リードタイムを短縮すると、在庫が減り、お客様への納期回答にも余裕が持てるようになります。それでは、リードタイムを短縮するにはどうしたらよいでしょうか?

リードタイムと一口にいっても、製造リードタイム、購買リードタイム、納入リードタイムなど、さまざまな種類に分けられます。ここでは、製造リードタイム短縮の手法を説明します。製造リードタイムとは、製造を着手してから、完成するまでのリードタイムです。

バックワードスケジューリング

上図をご覧下さい。多くの工場では、オーダの納期に対して、着手日を固定リードタイムを引くことにより算出しています。この図では、第一工程がM日、第二工程がN日とすると、製造リードタイムは、M+N日になり、納期から稼働日でM+N日差し引いた日を着手日として算出します。しかし、これではオーダが多い時も、少ないときも同じ着手日になり、資源(設備)の負荷をまったく考慮していません。リードタイムをM+N日から劇的に短くすることは困難です。

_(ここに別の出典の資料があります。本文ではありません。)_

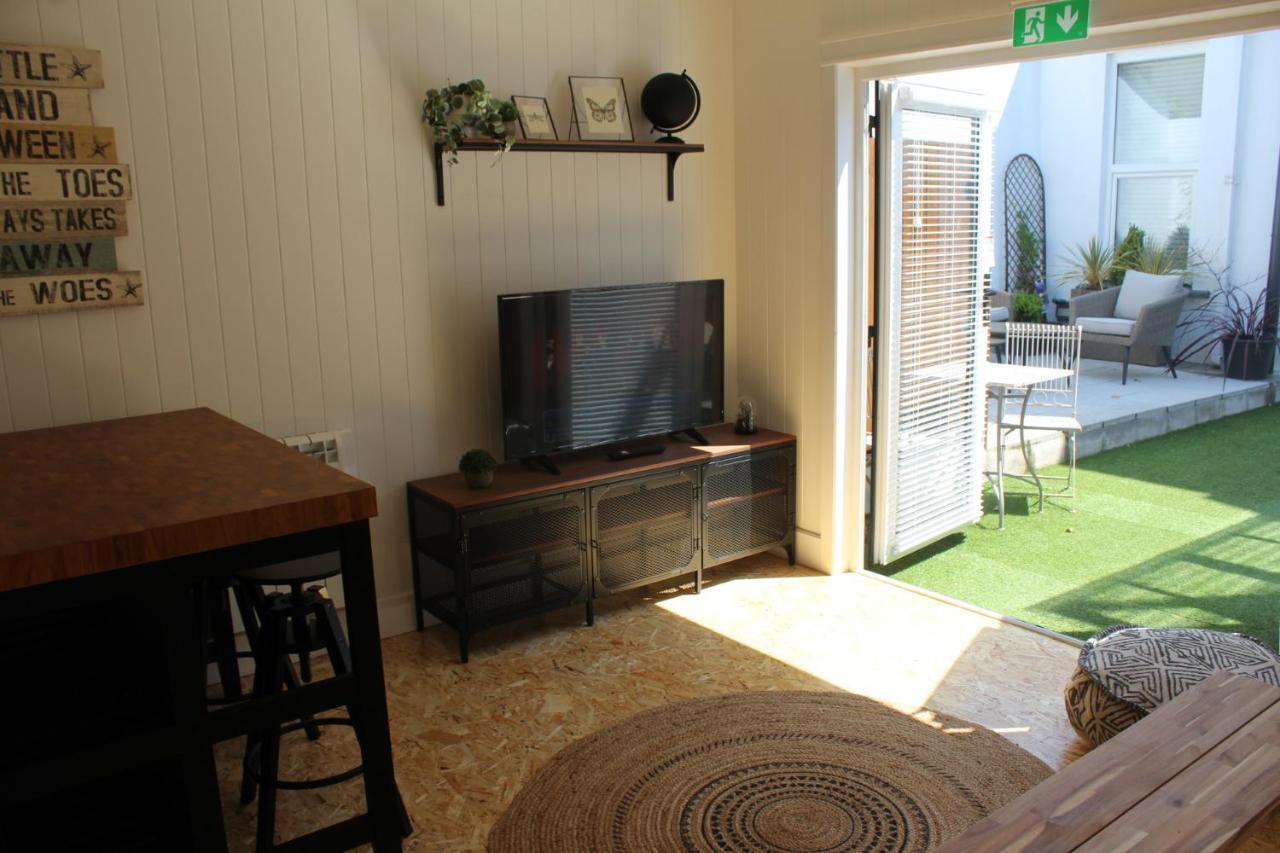 Macs Townhouse Dungarvan ダンガーバン エクステリア 写真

上図の下側は、製造時間を1個当たりN秒、1個当たりM秒のように定義することにより、製造時間を実際にかかる時間を実際の資源(機械や人員)に割付けます。オーダの納期から、このように実際の製造時間を最終工程から順に割付けていくことにより、最適な投入タイミングが得られます。これは、日の単位ではなく、分・秒の単位で計算します。この方法は、後工程から前工程にさかのぼって計算するので、バックワードスケジューリングと呼びます。図のケースでは、リードタイムが60%程度短縮しているのが分かります。このような作業の割付では、他のオーダの作業とのぶつかりあいが発生します。そのぶつかり合いを解消するスケジューリング方法を有限能力スケジューリングと呼びます。有限能力スケジューリングを行うことにより、資源の負荷を考慮した最適な投入タイミングが得られ、リードタイムを大幅に短縮させることができるのです。

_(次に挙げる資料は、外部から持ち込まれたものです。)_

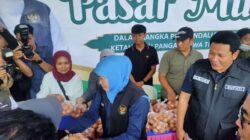 Bupati Sidoarjo Dampingi Gubernur Jatim Gelar Pasar Murah di Krian untuk Perluas Jangkauan Masyarakat Beli Sembako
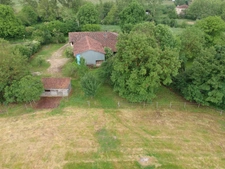  CORPS DE FERME RENOVE AVEC  EQUIPEMENT POUR 2 CHEVAUX GRANDES DEPENDANCES SUR 1,2ha
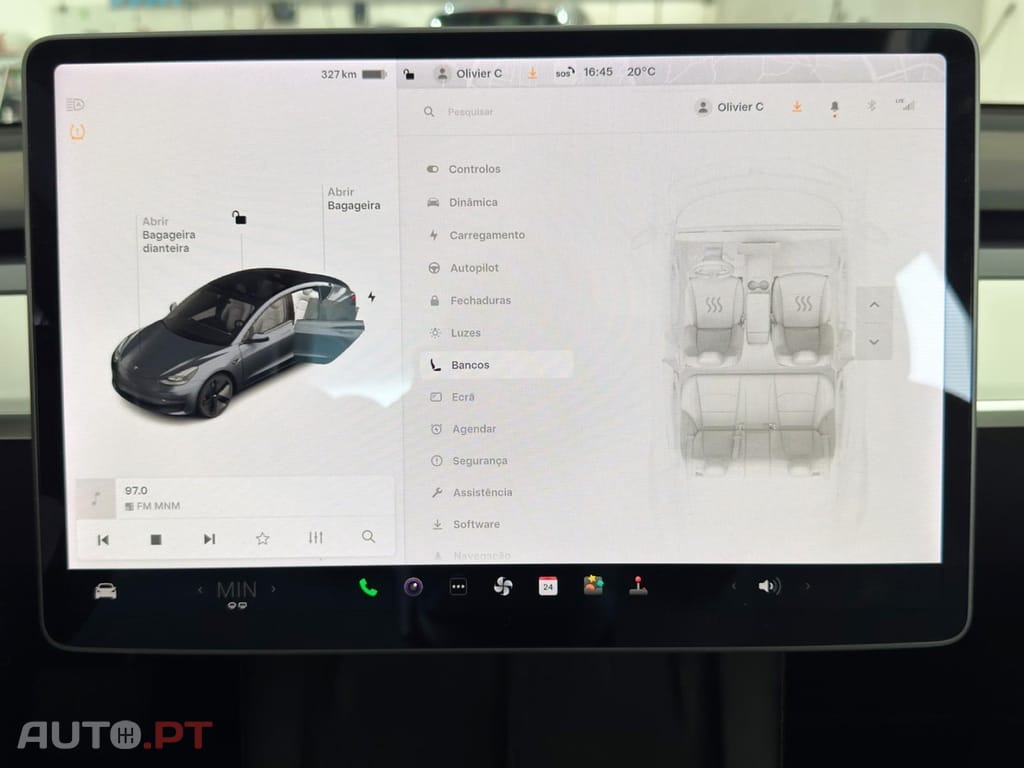 Tesla Model 3 RWD PLUS AUTO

上で説明したバックワードスケジューリングに対して、フォワードスケジューリングという手法もあります。下図に示します。

フォワードスケジューリング

フォワードスケジューリングでは、第一工程をなるべく早く着手して、第二工程、第三工程への割り付けていきます。これは、特急オーダで「なるべく早く持ってきてくれ」というような要望の時に、スケジュール結果として最終工程の完了日時を見れば、「XX日なら納品できます」と納期回答するときに用います。